## EXTRACTED MATERIAL
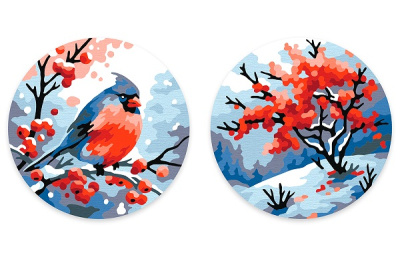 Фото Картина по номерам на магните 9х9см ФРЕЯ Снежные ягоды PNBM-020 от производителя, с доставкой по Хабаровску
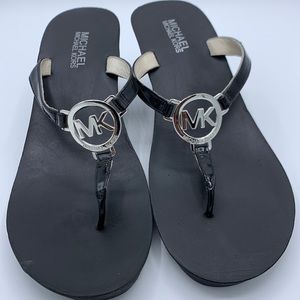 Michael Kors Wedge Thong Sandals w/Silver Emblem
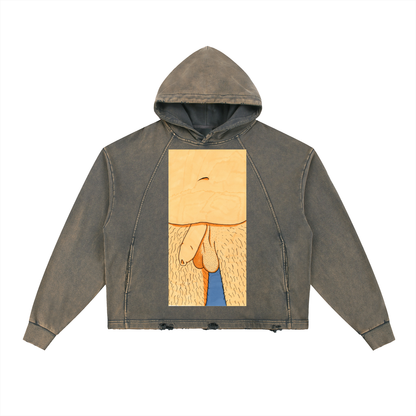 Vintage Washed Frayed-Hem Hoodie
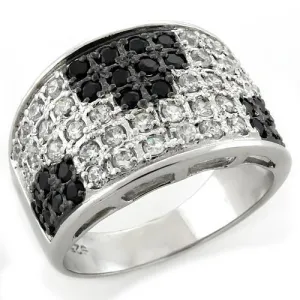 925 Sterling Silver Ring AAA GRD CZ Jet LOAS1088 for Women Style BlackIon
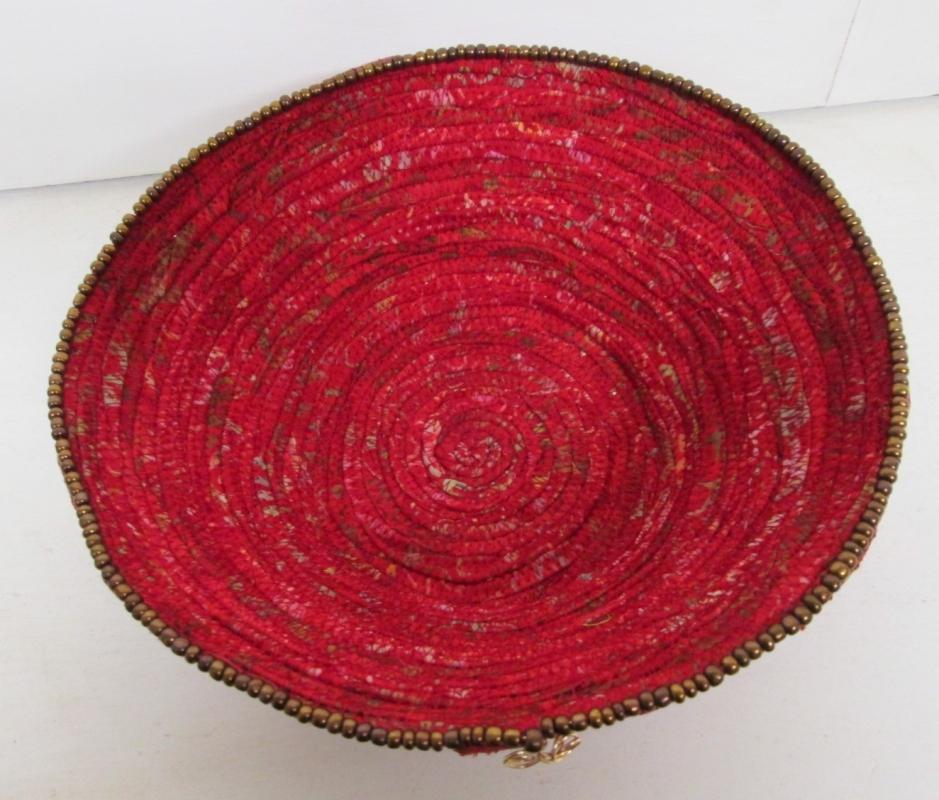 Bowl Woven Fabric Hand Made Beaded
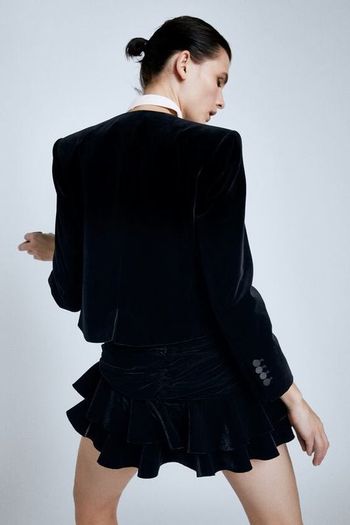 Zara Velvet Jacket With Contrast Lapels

## YOUR GOAL
An exact reproduction of the data is needed, with no pictures included.

## OUTPUT FOR THIS TASK
 Фото Картина по номерам на магните 9х9см ФРЕЯ Снежные ягоды PNBM-020 от производителя, с доставкой по Хабаровску
 Michael Kors Wedge Thong Sandals w/Silver Emblem
 Vintage Washed Frayed-Hem Hoodie
 925 Sterling Silver Ring AAA GRD CZ Jet LOAS1088 for Women Style BlackIon
 Bowl Woven Fabric Hand Made Beaded
 Zara Velvet Jacket With Contrast Lapels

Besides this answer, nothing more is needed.